### Data to examine

++++

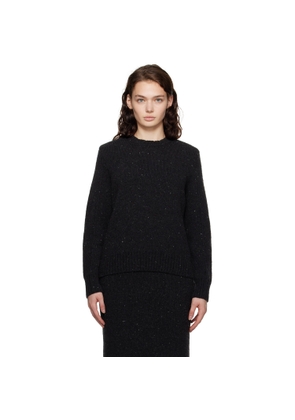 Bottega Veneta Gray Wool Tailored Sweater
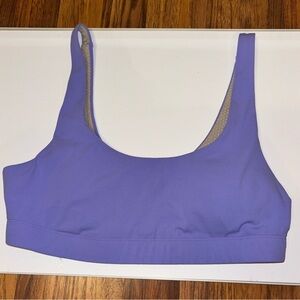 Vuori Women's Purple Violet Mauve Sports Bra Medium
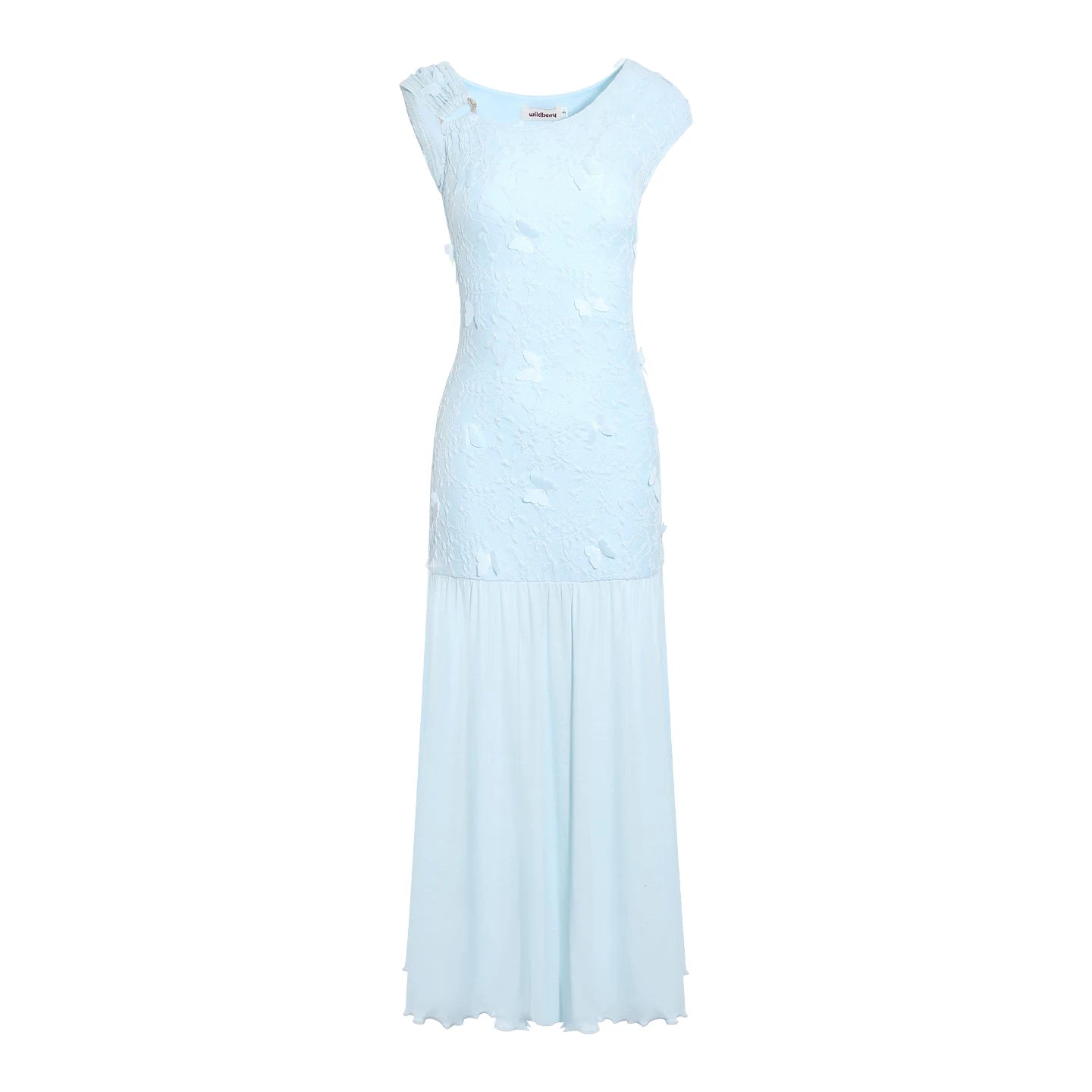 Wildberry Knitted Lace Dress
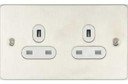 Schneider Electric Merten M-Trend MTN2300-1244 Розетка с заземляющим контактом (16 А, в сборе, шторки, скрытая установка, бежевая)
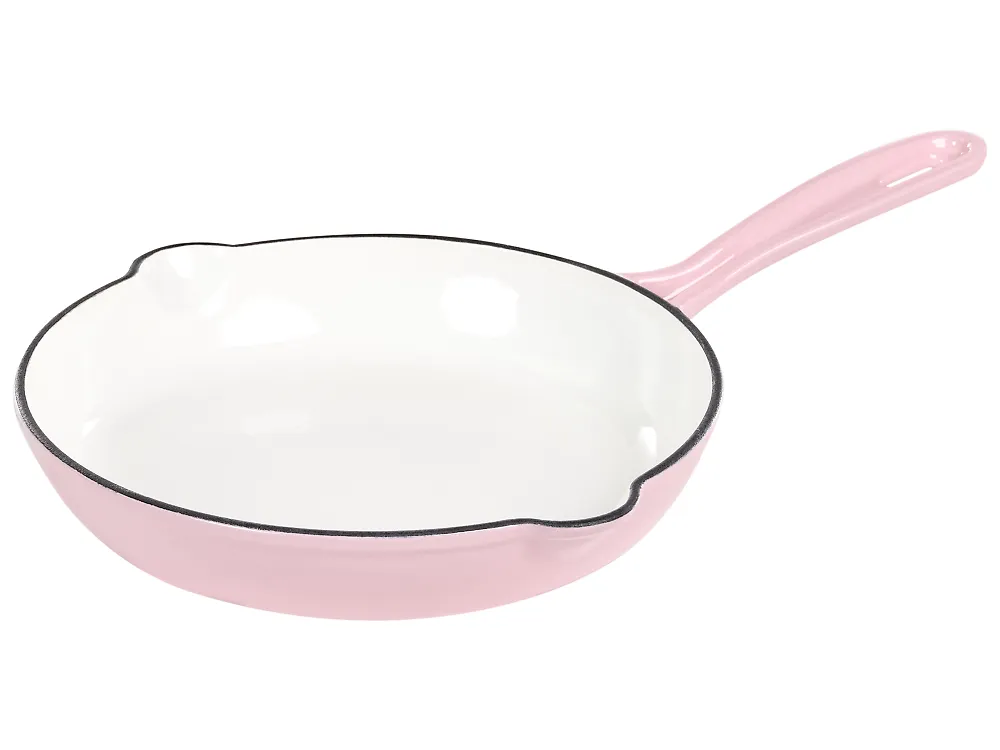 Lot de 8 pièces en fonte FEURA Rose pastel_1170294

++++

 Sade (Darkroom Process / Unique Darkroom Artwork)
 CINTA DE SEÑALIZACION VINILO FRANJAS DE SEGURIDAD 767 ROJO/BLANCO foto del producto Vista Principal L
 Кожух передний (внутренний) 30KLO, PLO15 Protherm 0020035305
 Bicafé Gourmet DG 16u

++++

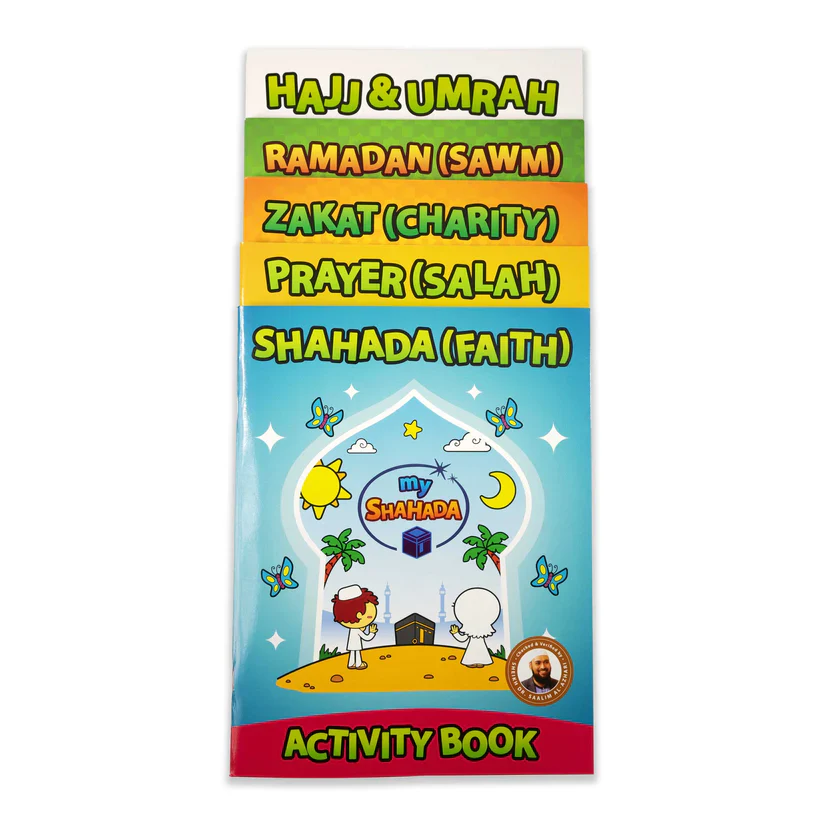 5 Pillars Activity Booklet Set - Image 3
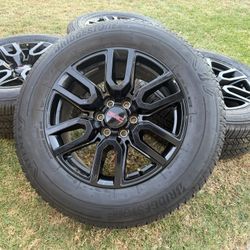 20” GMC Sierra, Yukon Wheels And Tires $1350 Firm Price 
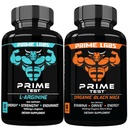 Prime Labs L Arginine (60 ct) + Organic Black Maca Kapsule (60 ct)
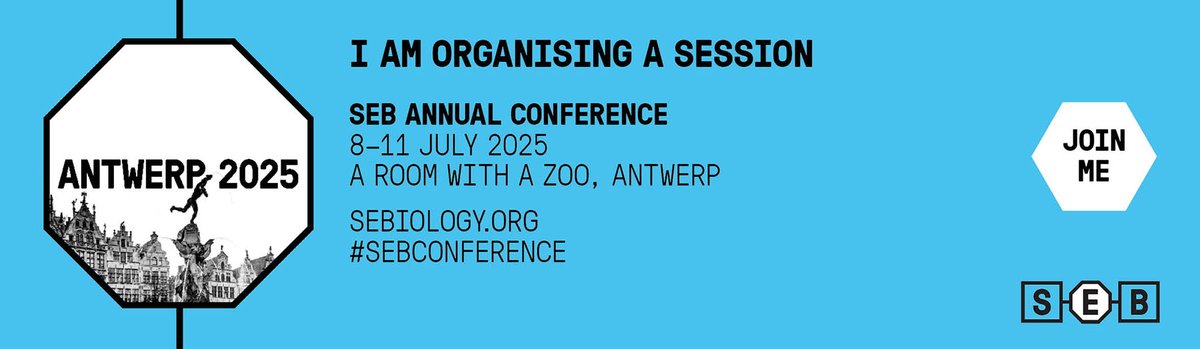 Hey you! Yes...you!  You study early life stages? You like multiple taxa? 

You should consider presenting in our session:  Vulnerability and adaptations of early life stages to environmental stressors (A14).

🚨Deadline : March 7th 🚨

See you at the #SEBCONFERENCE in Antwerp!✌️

++++

### Assignment
Write out word for word the lines of the listing above from the line with "Bottega Veneta Gray Wool Tailored Sweater" to the line with "Lot de 8 pièces", taking in both of those lines but no pictures.

### Answer to this exercise
 Bottega Veneta Gray Wool Tailored Sweater
 Vuori Women's Purple Violet Mauve Sports Bra Medium
 Wildberry Knitted Lace Dress
 Schneider Electric Merten M-Trend MTN2300-1244 Розетка с заземляющим контактом (16 А, в сборе, шторки, скрытая установка, бежевая)
 Lot de 8 pièces en fonte FEURA Rose pastel_1170294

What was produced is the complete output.